President Santos personally introduced to Congress the Law of Victims and Land, which would restore ownership to the estimated 3 million victims—mostly indigenous and Afro-Colombians—who lost about 4.5 million hectares to paramilitary groups, guerrillas and narco-traffickers. Under this law, currently still in draft form, the legal burden would fall on the current title holders who would have to show that they legally acquired the land in question.
However, problems will not be fully solved for impoverished displaced farmers: the accumulated debts on the land claimed by displaced farmers amount to 188 million dollars. And hawk-like investors have seen the opportunity: they agree to take on the debt in exchange for purchasing the land at a low price. So far, peasant farmers have sold 75,000 hectares at an average of 275 dollars per hectare, which are resold by the buyers at 715 dollars per hectare.

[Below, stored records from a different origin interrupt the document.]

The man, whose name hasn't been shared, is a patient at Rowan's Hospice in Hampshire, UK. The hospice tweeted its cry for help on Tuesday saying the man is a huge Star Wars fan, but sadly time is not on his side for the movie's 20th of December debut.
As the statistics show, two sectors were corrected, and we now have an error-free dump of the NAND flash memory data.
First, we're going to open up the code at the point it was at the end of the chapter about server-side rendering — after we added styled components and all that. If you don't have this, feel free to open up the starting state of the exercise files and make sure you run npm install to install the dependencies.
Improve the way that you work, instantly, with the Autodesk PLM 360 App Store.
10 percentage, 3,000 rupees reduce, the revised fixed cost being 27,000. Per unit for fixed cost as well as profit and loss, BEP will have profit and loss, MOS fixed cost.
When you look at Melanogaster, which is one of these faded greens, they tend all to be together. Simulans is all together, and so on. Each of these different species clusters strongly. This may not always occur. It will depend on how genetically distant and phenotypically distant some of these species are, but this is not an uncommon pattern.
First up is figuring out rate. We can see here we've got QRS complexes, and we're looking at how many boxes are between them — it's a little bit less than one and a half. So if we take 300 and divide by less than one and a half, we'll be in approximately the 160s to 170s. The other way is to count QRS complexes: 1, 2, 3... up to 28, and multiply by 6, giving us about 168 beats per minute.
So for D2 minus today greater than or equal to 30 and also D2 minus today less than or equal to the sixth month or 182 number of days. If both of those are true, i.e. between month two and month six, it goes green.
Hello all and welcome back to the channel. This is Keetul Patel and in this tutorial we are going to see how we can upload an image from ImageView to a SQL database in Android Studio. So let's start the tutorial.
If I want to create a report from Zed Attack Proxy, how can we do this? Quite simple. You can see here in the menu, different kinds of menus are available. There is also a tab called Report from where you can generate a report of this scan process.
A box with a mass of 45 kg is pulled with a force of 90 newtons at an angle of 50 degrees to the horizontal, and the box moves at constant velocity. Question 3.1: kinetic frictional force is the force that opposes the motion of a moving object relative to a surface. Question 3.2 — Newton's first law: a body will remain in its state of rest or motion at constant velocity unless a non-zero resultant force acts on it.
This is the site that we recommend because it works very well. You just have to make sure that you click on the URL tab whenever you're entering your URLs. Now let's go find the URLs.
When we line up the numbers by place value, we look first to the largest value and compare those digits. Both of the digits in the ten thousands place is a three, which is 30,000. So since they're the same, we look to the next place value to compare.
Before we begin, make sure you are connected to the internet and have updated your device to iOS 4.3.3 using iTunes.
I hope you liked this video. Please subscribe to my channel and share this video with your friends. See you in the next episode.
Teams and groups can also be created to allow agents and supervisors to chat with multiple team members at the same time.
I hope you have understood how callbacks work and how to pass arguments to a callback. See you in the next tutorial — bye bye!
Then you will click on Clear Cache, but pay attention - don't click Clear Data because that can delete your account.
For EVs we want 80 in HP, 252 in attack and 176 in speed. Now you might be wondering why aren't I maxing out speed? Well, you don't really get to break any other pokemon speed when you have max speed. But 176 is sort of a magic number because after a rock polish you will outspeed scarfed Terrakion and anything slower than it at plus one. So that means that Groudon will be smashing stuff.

Santos’s Law of Victims and Land will also compensate war victims, regardless of who victimized them: the far-right paramilitaries, left-wing guerrillas, or government forces.
The Law of Victims and Land has academics and commentators saying this, really, is the end of the 70-year-conflict. But as Eduardo Pizarro, director of the government Reparations and Reconciliation Commission (and my former professor), pointed out: the restitution of land has been associated with a high level of criminal violence in 1,102 municipalities. And in anticipation, the government is setting aside funds for humanitarian assistance in the case of new acts of violence.
Is the Law of Victims and Land a new cycle of bloodshed? Seems so.